COVID-19 in African green monkeys
Exposure of humans to SARS-CoV-2 results in a wide range of outcomes from asymptomatic infection to lethal disease. While SARS-CoV-2 has infected millions of people globally the case fatality rate is very low and likely less than 1%. COVID-19 studies performed in NHPs including African green monkeys suggest that like humans the case fatality rate is very low and animals can show a wide range of clinical signs of disease. In humans the variety of outcomes depends on many factors including age, underlying medical conditions, genetics, and very likely the route and dose of the exposure.
In animal models many of these variables can be experimentally controlled. We used a relatively high dose of SARS-CoV-2 and were able to demonstrate pneumonia and coagulopathy in all African green monkeys during the acute phase of disease showing that this model can be used to study humans that develop respiratory disease.

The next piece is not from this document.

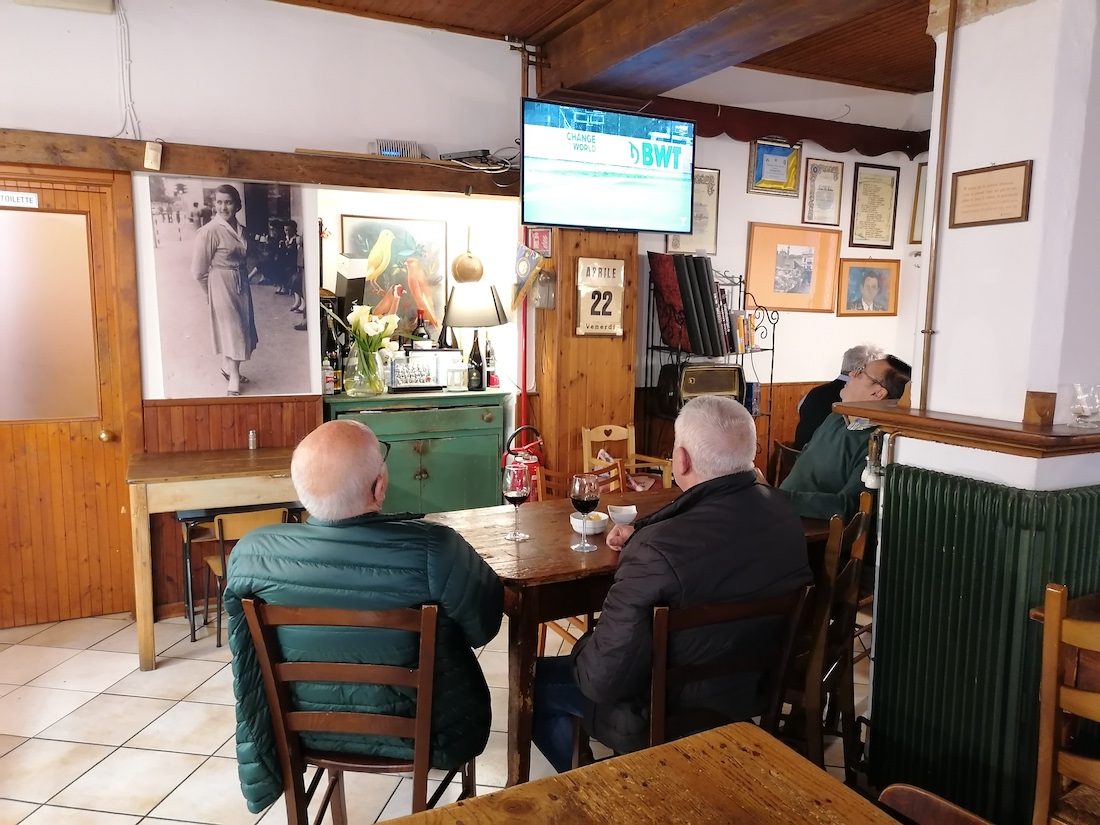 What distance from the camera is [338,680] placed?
186cm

None of the animals developed lethal infection consistent with most human infections. Importantly, this work was able to assess tissues of the monkeys at the peak phase of virus replication and clinical illness which with the exception of limited biopsies is impossible to assess in human COVID-19. Thus, biomarkers such as viral load in tissues, as well as histopathology and immunohistochemistry of tissues, can be used to compare for example the efficacy of a candidate SARS-CoV-2 vaccine against a control group.

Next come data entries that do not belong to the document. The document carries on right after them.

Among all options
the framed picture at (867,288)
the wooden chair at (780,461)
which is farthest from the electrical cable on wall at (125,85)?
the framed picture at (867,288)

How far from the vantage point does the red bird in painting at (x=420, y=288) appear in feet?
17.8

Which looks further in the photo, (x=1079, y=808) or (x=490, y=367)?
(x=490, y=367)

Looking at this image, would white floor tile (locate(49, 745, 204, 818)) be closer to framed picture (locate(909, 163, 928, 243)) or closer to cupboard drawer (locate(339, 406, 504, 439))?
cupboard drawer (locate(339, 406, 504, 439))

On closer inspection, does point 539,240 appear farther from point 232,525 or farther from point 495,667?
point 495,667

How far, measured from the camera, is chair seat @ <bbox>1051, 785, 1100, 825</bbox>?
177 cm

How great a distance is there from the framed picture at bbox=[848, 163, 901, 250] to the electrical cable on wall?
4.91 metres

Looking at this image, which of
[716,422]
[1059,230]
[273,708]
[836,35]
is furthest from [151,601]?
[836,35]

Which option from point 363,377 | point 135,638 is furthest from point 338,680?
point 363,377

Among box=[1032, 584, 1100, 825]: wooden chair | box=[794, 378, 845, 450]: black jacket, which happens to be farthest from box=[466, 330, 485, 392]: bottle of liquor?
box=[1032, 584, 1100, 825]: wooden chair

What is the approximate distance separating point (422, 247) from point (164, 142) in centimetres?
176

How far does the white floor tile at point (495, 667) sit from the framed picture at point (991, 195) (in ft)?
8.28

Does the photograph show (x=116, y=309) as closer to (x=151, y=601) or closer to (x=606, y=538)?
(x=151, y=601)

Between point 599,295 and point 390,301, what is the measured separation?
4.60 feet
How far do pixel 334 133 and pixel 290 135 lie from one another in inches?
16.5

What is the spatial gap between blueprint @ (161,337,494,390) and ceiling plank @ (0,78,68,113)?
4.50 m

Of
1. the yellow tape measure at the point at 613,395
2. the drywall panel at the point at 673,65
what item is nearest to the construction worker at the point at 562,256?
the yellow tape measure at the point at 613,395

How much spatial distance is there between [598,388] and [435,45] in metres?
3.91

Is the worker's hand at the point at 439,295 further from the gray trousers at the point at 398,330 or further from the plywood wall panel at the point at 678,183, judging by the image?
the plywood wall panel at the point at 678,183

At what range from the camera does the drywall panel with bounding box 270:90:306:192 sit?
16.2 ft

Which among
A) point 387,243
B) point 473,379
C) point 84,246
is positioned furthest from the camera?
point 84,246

The African green monkey provides a model as well for the evaluation of medical countermeasures in this regard as it will be important to show that any vaccine or antiviral tested can shorten or eliminate the period of shedding.
Shedding and long term sequelae
An important aspect of the report is that it begins to shed some light under controlled test conditions on the pathogenesis of SARS-CoV-2. Detection of SARS-CoV-2 RNA in nasal swabs of some animals as late as day 15 and rectal swabs as late as day 28 after virus challenge is concerning and has potential public health implications in terms of the management of recovering SARS-CoV-2 patients.
The African green monkey provides a model as well for the evaluation of medical countermeasures in this regard as it will be important to show that any vaccine or antiviral tested can shorten or eliminate the period of shedding. Finally, the report raises important concerns about long term sequelae caused by SARS-CoV-2 infection. All of the African green monkeys that were followed until the early convalescence stage of COVID-19 (day 34 after virus challenge) showed substantial lung pathology at necropsy as evidenced by pneumonia and increased collagen deposition in alveolar walls despite the absence of detectable SARS-CoV-2 in any of the lungs of these animals. While most human COVID-19 patients eventually recover their lung function SARS-CoV-2 infection can cause lasting damage to the lungs that may require surgery or even organ transplants.
The African green monkey may provide a valuable model for not only assessing efficacy of vaccines and treatments but also studying such sequela. While it is often logistically challenging to keep NHPs for long periods of time in high containment laboratories future studies are needed to examine lung function and disease in convalescent animals at longer times after recovery.